The Perfect Couple, also known as The Best Romance, is a 2007 South Korean film.

== Plot ==
While eating skewered tempura at a street vendor, young reporter Choi Soo-jin accidentally sticks the skewer into the side of a detective, Kang Jae-hyuk, who was chasing a suspected criminal. After this encounter, Soo-jin is told to work on a story about a detective, and the detective turns out to be Jae-hyuk.
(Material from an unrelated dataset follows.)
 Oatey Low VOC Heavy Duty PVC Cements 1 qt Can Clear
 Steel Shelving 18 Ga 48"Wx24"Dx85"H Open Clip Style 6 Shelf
Soo-jin joins his crackdown on drug dealers, and the two start to fall in love.

== Cast ==
- Lee Dong-wook as Kang Jae-hyuk
- Hyun Young as Choi Soo-jin
- Lee Jeong-heon
- Jeon Soo-kyeong
- Kim Jung-heon as Handsome boy
- Jeong Jae-jin
- Kim Jae-man
- Kim Seung-min
- Joo Seok-tae
- Lee Myeong-jin
- Jang Hyun-sung (cameo)

== Release ==
The Perfect Couple was released in South Korea on 25 January 2007, and topped the box office on its opening weekend with 380,933 admissions. It went on to receive a total of 1,299,274 admissions nationwide, with a gross (as of 18 March 2007) of $7,228,471.